此事是望千萧主谋的,便不能让别的人挨了骂,于是起身据实回答道。
“各州皆被震慑,丹州新上任的州主业已经被查出与假的寒霄有勾结,便责令州内长老重新拟定。崔州新任州主则是配合上七州行事,总此来看,百州首府对于暮疆大战一事,是听凭上七州的。”
仁治仁治,这是先望州主在时一直遵从的宗旨,如今这群孩子接手上七州之后直接大刀阔斧,想杀就杀,怎么不把朝域翻个天来?不,干脆不要百州了,直接全部并入上七州算了!
“你,你……唉!千萧啊,你是我最看好的孩子,你怎么能干出这般荒唐事来?”
在外叱咤风云的绝岭尊,此时在竹林当中被几位长辈训斥是一声不吭,微微低头像个认错的孩子,形势所迫,这是为讨伐暮疆肃清异党最好的法子了。
“罢了老穆,杀都杀了,眼下的事更重要。”
老寒州主递过去一杯茶,他昨夜没找到自己儿子,便是猜到出了事,奔波了一夜如今脸上遮不住的疲惫。

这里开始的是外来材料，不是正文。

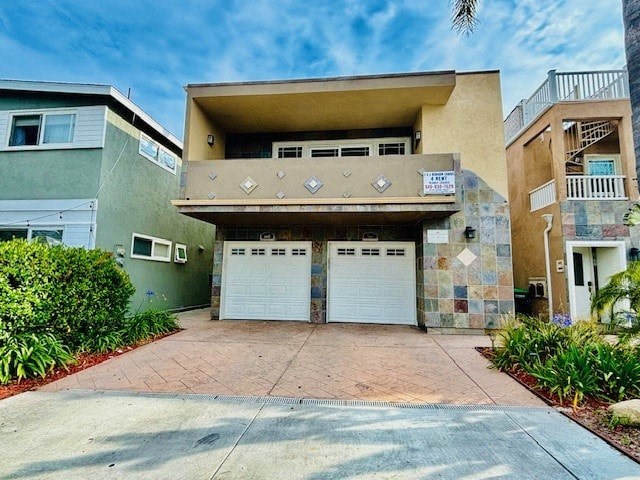 a garage with two doors in front of an apartment building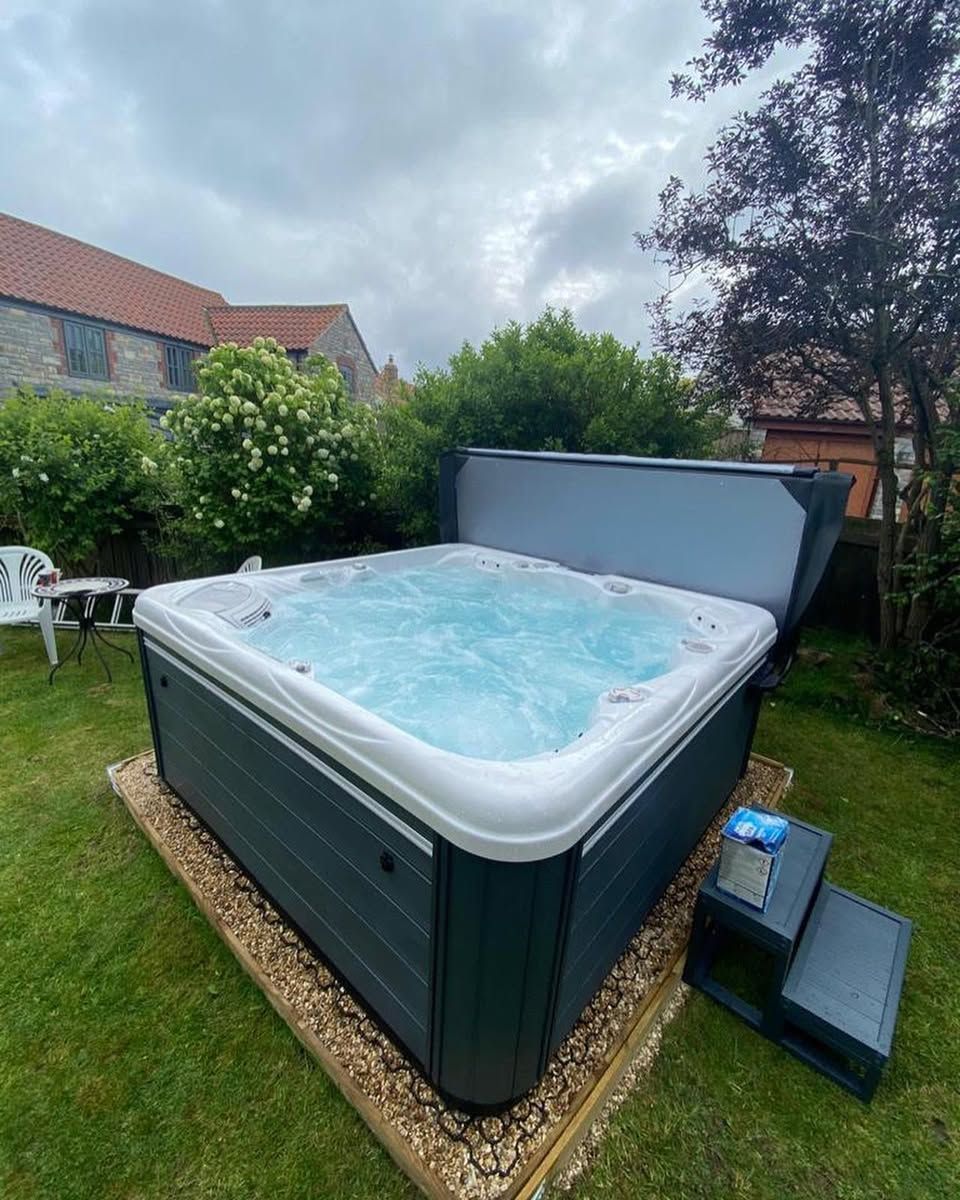 Hot tub with partially open cover in a grassy yard. Gray siding, blue water, and step for entry. Overcast sky.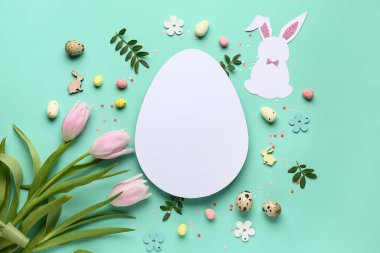 Kağıt tavşandan yapılmış çerçeve, Paskalya yumurtaları, çiçekler ve turkuaz arka planda boş kart.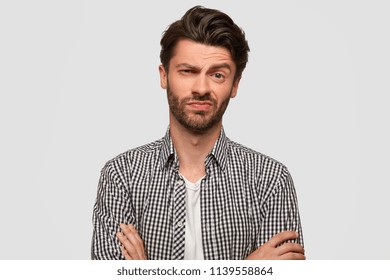 Stylish hipster male keeps arms folded, looks with hesitant expression, raises eyebrow with bewilderment, listens somebody`s suggestion, doubts whether to agree or not. Facial expressions concept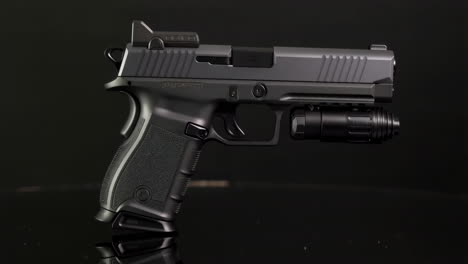 tactical handgun with underbarrel light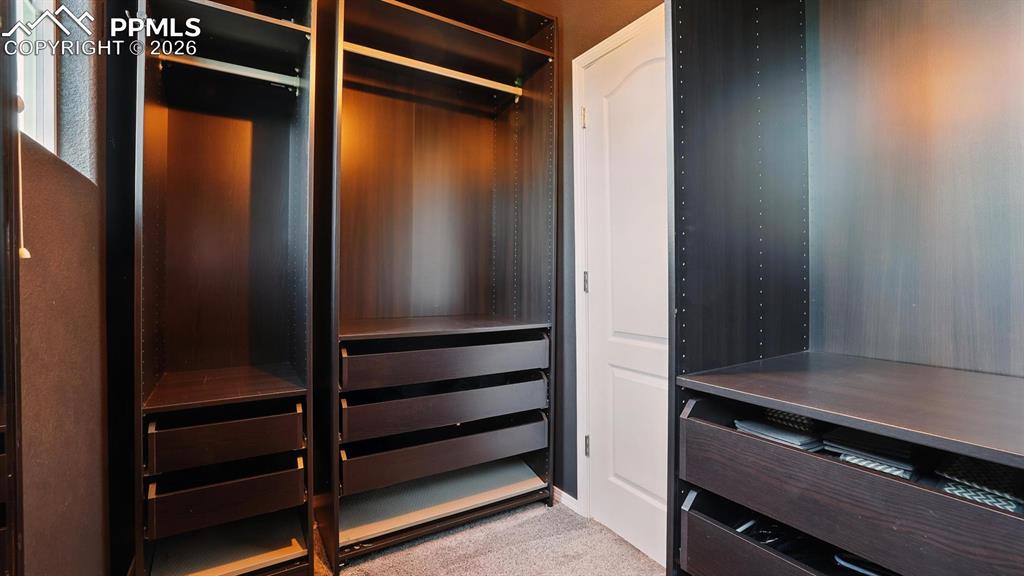 Image 25 of 50: Walk in closet with custom organizers in the Primary Suite.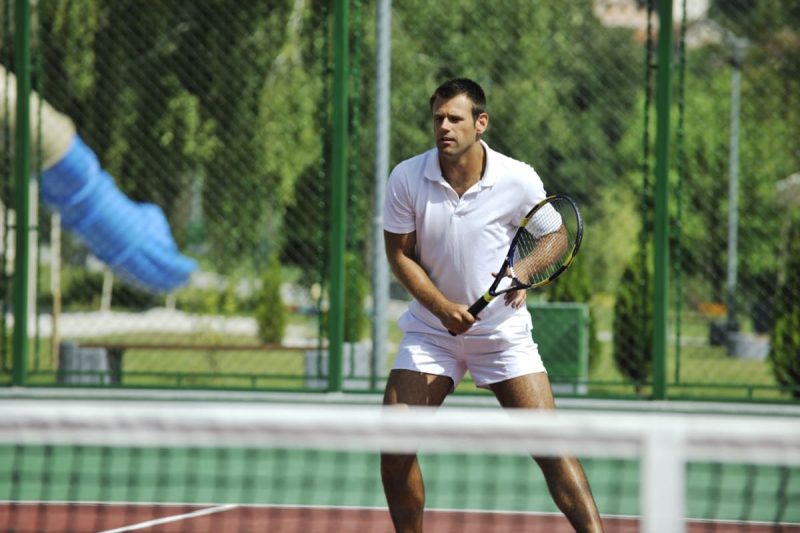barbat in timpul unui meci de tenis afara, pe teren de gzura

朝着众晚辈开口道,“千萧做事周到,如今提出这两个议题想必已经有了法子?”
望千萧这才站直了身子,点头应答,“是,攻打暮疆的策略图千萧已经全部整理完成,晚些时候便可详细商议。阿姊正名一事……”说到此处又有些迟疑,在思索到底要不要说出来。毕竟刚刚老穆州主的反应,这个计划他恐怕也不会应允的。
见人迟疑了,初随空觉着总不能让他一个人挨骂,毕竟这主意还是初随空自己出的,那就跟着望千萧一起挨骂,遂起身开口。
“已经定下八月十一为祭石大典,也就是五日后,我们决定在祭石大典上为风烟洗去污名。”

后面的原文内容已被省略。